» **Task details**
Reproduce the listing below exactly, minus its pictures.

» **Data segment**
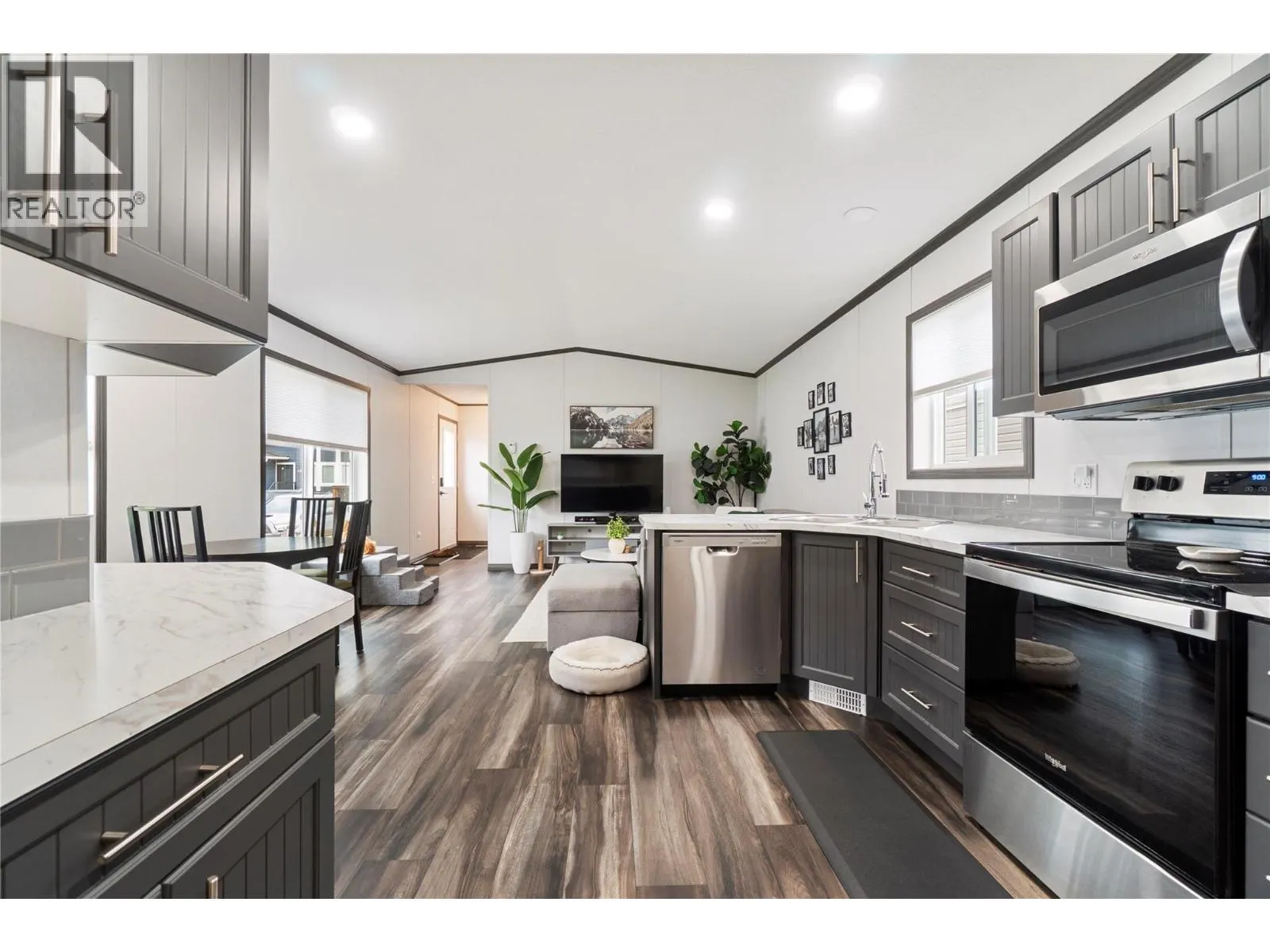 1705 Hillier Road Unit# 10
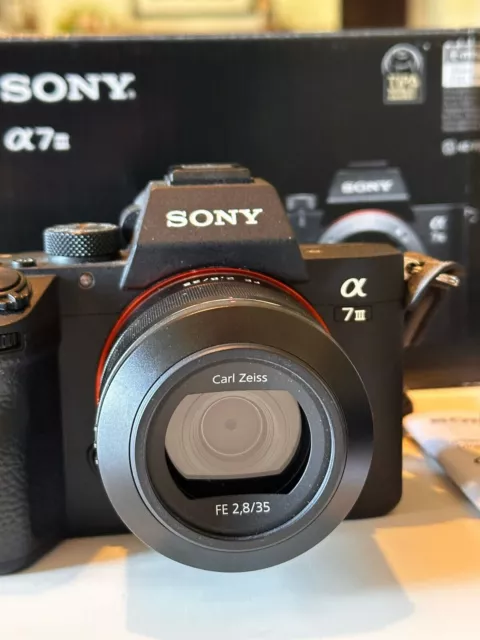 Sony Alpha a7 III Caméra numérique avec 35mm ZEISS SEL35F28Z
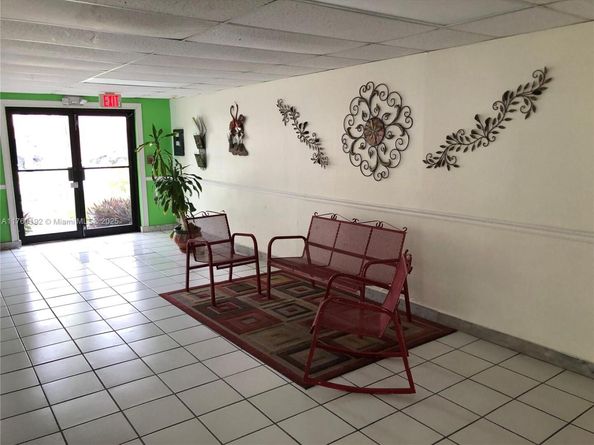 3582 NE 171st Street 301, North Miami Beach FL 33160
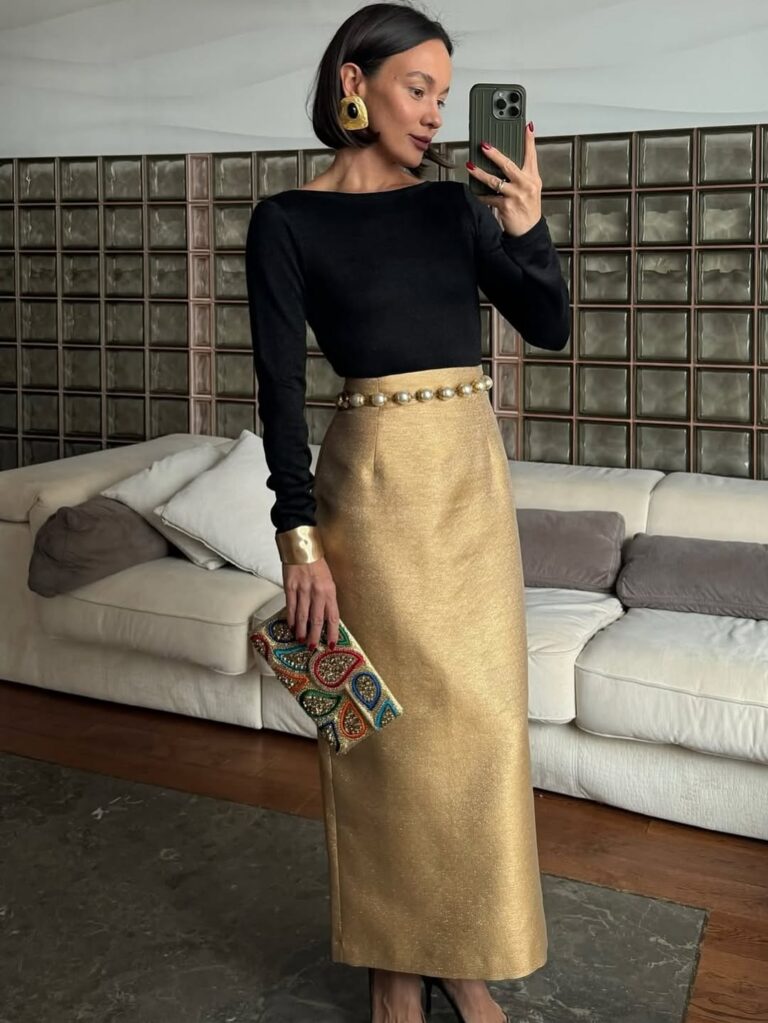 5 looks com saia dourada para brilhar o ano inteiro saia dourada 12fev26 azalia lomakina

» **Answer area**
 1705 Hillier Road Unit# 10
 Sony Alpha a7 III Caméra numérique avec 35mm ZEISS SEL35F28Z
 3582 NE 171st Street 301, North Miami Beach FL 33160
 5 looks com saia dourada para brilhar o ano inteiro saia dourada 12fev26 azalia lomakina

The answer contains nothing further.